Selling and Administrative Expenses. Selling and administrative expenses in the
nine months ended June 30, 1999 decreased 1.5% to $65.4 million from $66.4
million in the nine months ended June 30, 1998. Within this decrease are
increases in selling and marketing in an effort to increase awareness of the
Company's brand names. The Company increased spending in selling and marketing,
primarily toward promotional and advertising programs in support of new
products, and also additional promotional support in existing eyewear lines in
light of enhanced competitive activity. Spending in the customer service,
distribution and administrative functions decreased.
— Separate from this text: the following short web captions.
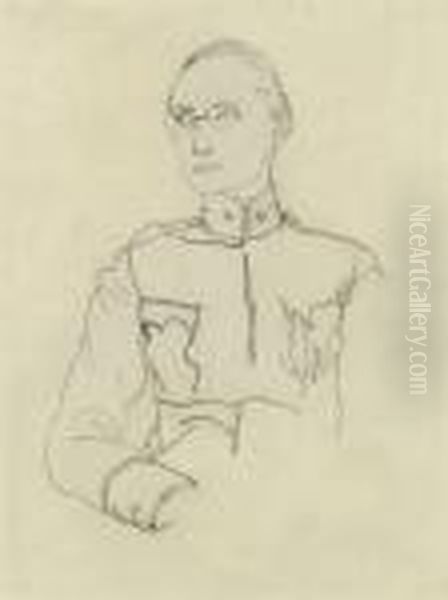 One-year Army Volunteer Oil Painting by Egon Schiele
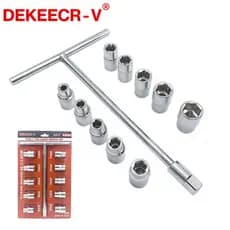 Jogo Soquete T 8-9-10-11-12-13-14-16-17-19mm Ideal Trocar Pneu e Reparos Veículo AL-0100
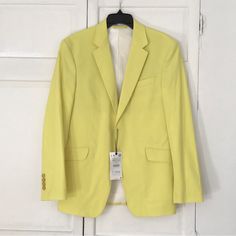 Bright, Fun Men’s Blazer To Add A Pop Of Color To Your Fit! Can Wear Oversized For Women As Well, Nwt. Classic Yellow Blazer For Business, Yellow Formal Summer Blazer, Summer Formal Yellow Blazer, Classic Single-breasted Yellow Blazer, Light Blue Suit Jacket, Burgandy Blazer, Mens Sports Coat, Blue Sport Coat, Light Pink Blazers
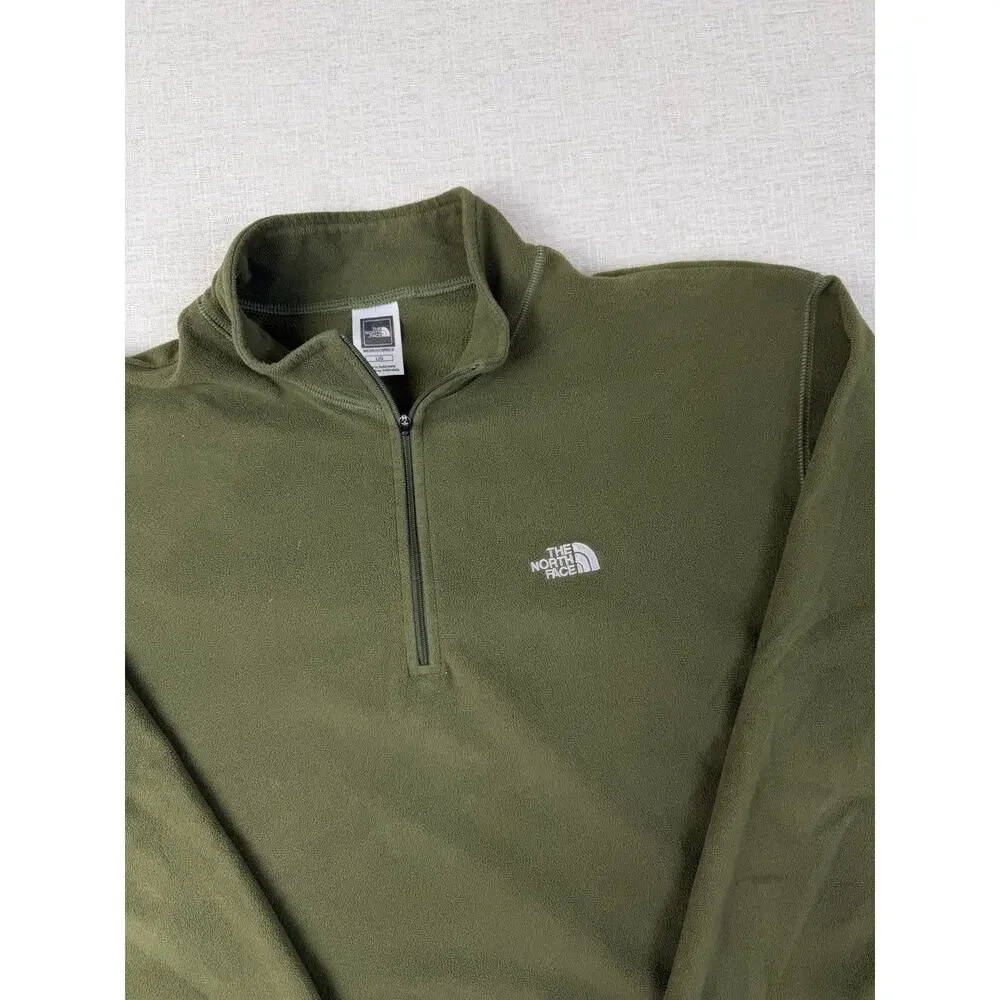 The North Face TKA 100 Mens Large Green Fleece 1/4 Zip Pullover Jacket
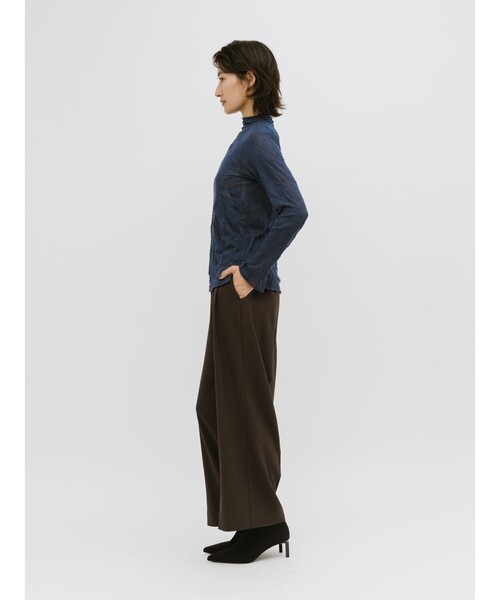 MIDIUMISOLID(ミディウミソリッド)の「MIDIUMISOLID for Ladies シアーハイネックインナー(Tシャツ/カットソー・レディース・ブラック/オフホワイト/グリーン/ネイビー・FREE)」の20枚目の写真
Administrative expenses in
the three months ended June 30, 1998 included an accrual in the amount of $0.6
million for potential costs related to a patent infringement claim by Gargoyles,
Inc. which was settled in the first quarter of fiscal 1999. Selling and
administrative expenses as a percentage of net sales in the nine months ended
June 30, 1999 decreased to 30.1% of net sales as compared to 30.5% of net sales
in the nine months ended June 30, 1998.
Research and Technical Service Expenses. Research and technical service expenses
in the nine months ended June 30, 1999 decreased 4.3% to $3.4 million from $3.6
million in the nine months ended June 30, 1998.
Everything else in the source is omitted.